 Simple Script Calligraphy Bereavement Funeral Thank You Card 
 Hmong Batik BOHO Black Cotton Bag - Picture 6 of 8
------------------------------------------------
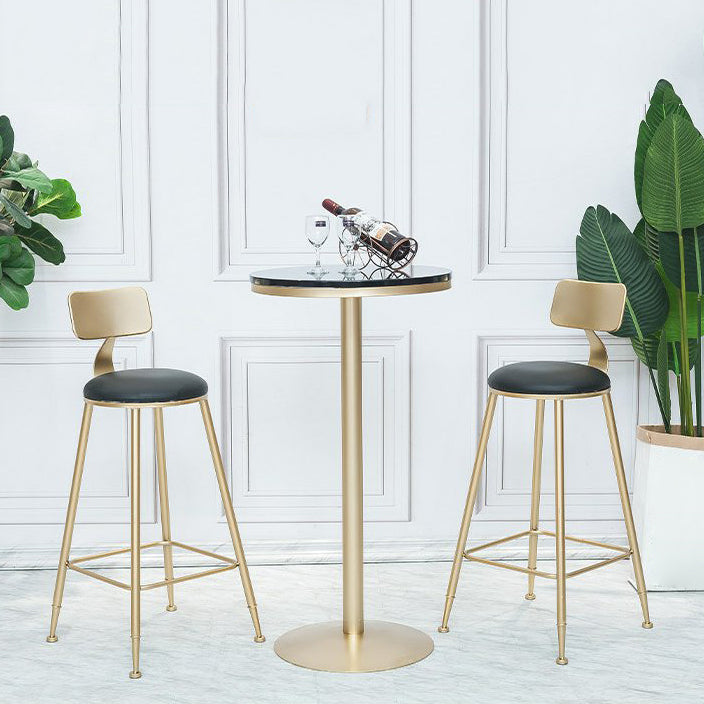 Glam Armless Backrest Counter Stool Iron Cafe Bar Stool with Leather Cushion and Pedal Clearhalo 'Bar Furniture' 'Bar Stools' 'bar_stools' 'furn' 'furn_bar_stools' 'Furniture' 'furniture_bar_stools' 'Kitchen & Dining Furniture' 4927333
------------------------------------------------
### WHAT THE TASK ASKS
In the listing above, find the line with "Simple Script Calligraphy" and the line with "Hmong Batik BOHO", then print exactly those lines and every line between them.

### YOUR RESPONSE
 Simple Script Calligraphy Bereavement Funeral Thank You Card 
 Hmong Batik BOHO Black Cotton Bag - Picture 6 of 8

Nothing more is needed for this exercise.